Una corrida de toros es un combate a muerte entre un ser humano y un toro bravo. Es una liturgia en donde se sabe que un instante es frontera no sólo entre el triunfo o el fracaso sino, quizá, ente la vida y la muerte. Por ello, los actores le dan a la suerte un papel fundamental.
En la mitología griega, Tique personalizaba la fortuna o el destino. Era la diosa que regía la suerte o la prosperidad. Tanto en las monedas, como en los muros a las entradas de muchas ciudades griegas estaba una representación de Tique como reconocimiento que era ella quien, en forma aleatoria, podía decidir la suerte de un mortal o el destino de una ciudad. En la edad media se le representaba como una mujer ciega que llevaba el cuerno de la abundancia o la rueda de la fortuna.
En el toreo, vinculado desde su origen con la religión católica, los actores se encomiendan a Dios y los taurinos repiten: ¡Qué Dios reparta suerte! Reconociendo que es Él, el responsable de nuestro destino.
José Bergamín decía que hay una importante diferencia entre el toreo y la antigua tragedia griega. Si bien en los dos hay una relación entre un hombre y la fatalidad, en la tragedia griega el hombre es vencido por la fuerza del destino, mientras que en el toreo sucede lo contrario: el hombre burla la muerte y vence al destino.
La palabra suerte viene del latín sortis, que se refería a la tierra destinada al trabajo. Algunas tierras son más fértiles que otras y de ahí su sentido de fortuna y la palabra sorteo.
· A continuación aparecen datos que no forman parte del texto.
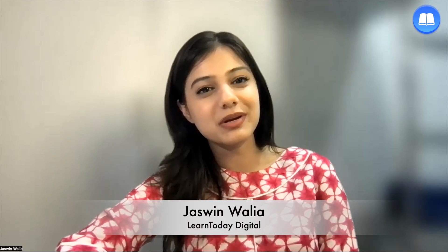Hi guys, this is Jasvin Walia from Team Learn Today, and in this SOP, we will learn how to use the HFCM plugin. So without further ado, let's get into the video.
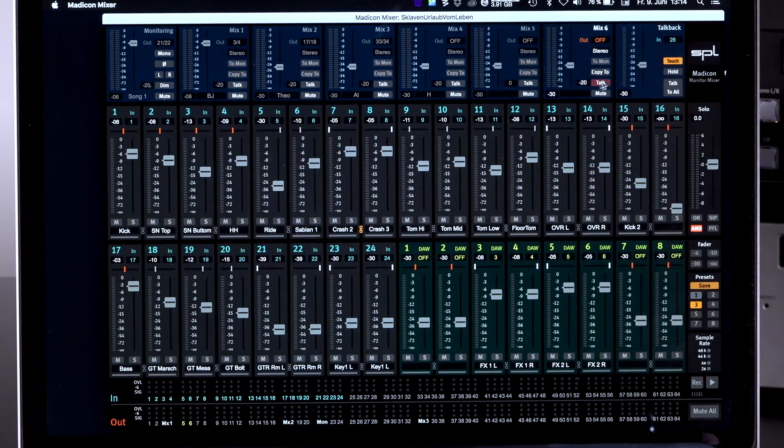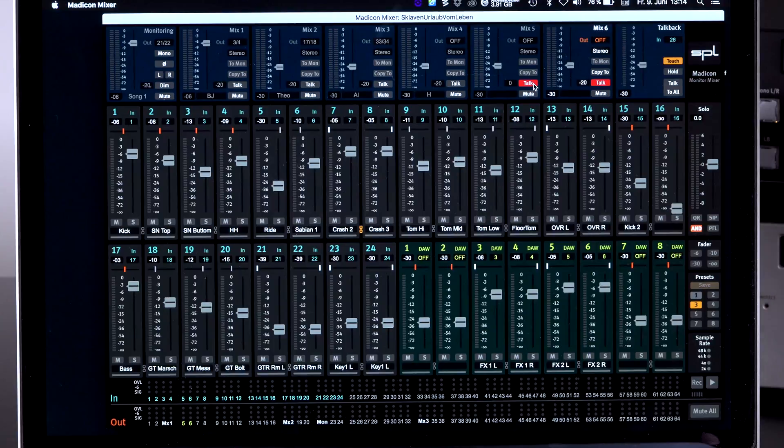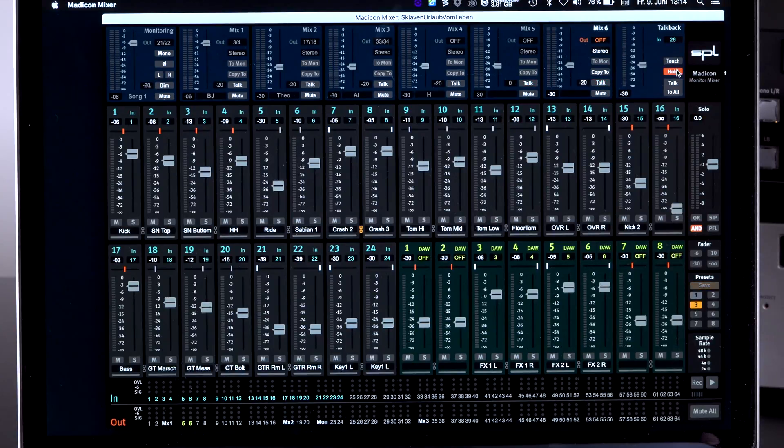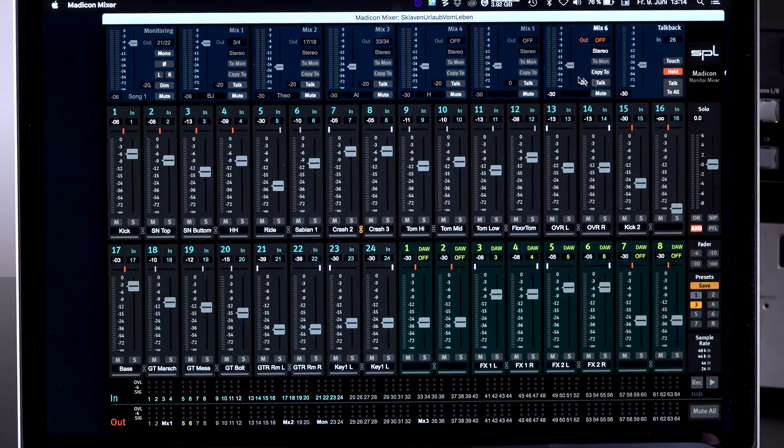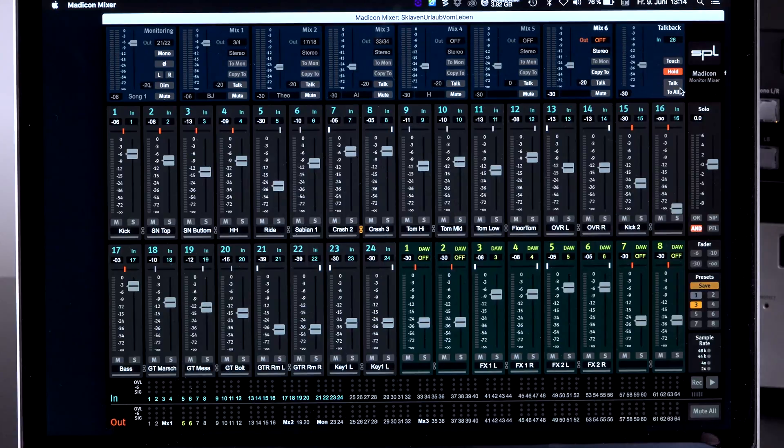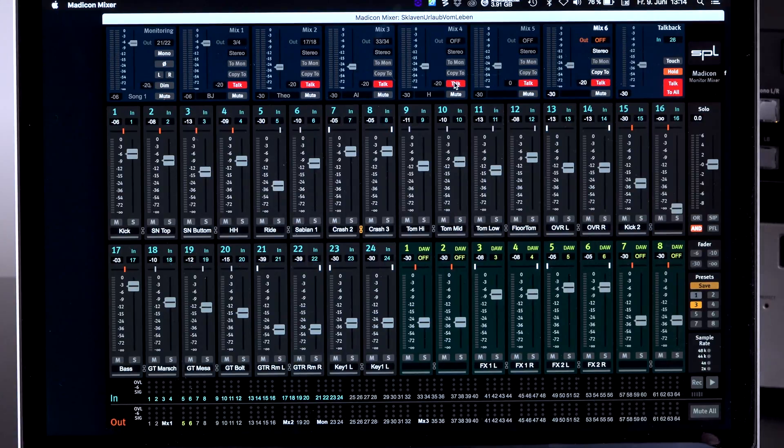I have two options of doing that. Either as a touch button, which means only as long as I click on the mouse, this will be on and off or on a hold. Hold means it stays on. And I have to really switch it off again. Talk to all is also possible.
Consistente con esta idea del destino, el primer acto de la liturgia taurina es un sorteo. En presencia de las autoridades y del ganadero, los matadores –o sus representantes– dejan que Dios –o la fortuna– sea quien determine los toros que se lidiaran esa tarde. Después de acordar los lotes (es decir, acomodar a los toros en pares que respeten el equilibrio), se escribe con parsimonia en papel de fumar cada uno de los números que luce el costillar de los toros de cada lote. Se doblan con mesura y precisión los papeles y se colocan en un sobrero que se tapa y se agita. Sin mirar, los representantes de los toreros van extrayendo, por orden de antigüedad, los papeles correspondientes. ¡La suerte está echada!
La suerte no tiene explicación. Va más allá de la comprensión human, de sistemas racionales, de lógica o estadística. Por ello tiene una naturaleza enigmática. De ahí la superstición o las explicaciones mágicas.
En los toros, también se denominan “suertes” a las acciones que realizan los toreros en el ruedo como lances, banderillas y pases. José Luis Ramón dice que todas las suertes son fundamentales, porque en ellas los toreros ponen su vida en juego. Las suertes son las palabras de cada torero, en ellas va su interior –antes, durante y después de la ejecución– para formar un diálogo con el toro. “Las suertes, ese léxico del torero, están unidas en la lidia por una sintaxis oculta compuesta de un amplio grupo de aspectos técnicos” (Ramón, J.L. “El toreo fundamental”. Edicions Bellaterra, 2015, p.17).
Una faena se culmina con la suerte suprema, que es la muerte del toro. La sabiduría popular reza: “el torero que no hace la cruz se lo lleva el diablo”. Una expresión que explica que al realizar una estocada el torero debe llevar a cabo un acto de fe, de valor y de técnica. “Hacer la cruz”, además del simbolismo cristiano, representa el movimiento de cruzar una mano con la otra, al mismo tiempo que se cruza el pitón después de que el torero ha citado y embarcado al toro. La suerte suprema es el momento de ser o no ser, de matar o morir.
Los seres humanos somos los únicos animales que vivimos conscientes de nuestra propia muerte. Para Fernando Savater, “la realidad de la muerte tiene una doble manifestación: como riesgo permanente y como destino final”. Si en algún lugar se verifica esta premisa es en una corrida de toros. El animal cumple su destino y muere en la plaza, mientras que el hombre, con su astucia y arte, a pesar del riesgo, aplaza a la muerte. Agrega Savater: “La cruda realidad de la muerte brinda así ocasión para que se afirme con plena conciencia la gracia de la vida, esa gracia que sólo puede saborear quien tiene la desgracia de ser moral” (Savater, F. “Tauroética”. Ediciones Turpial, 2011, p.68).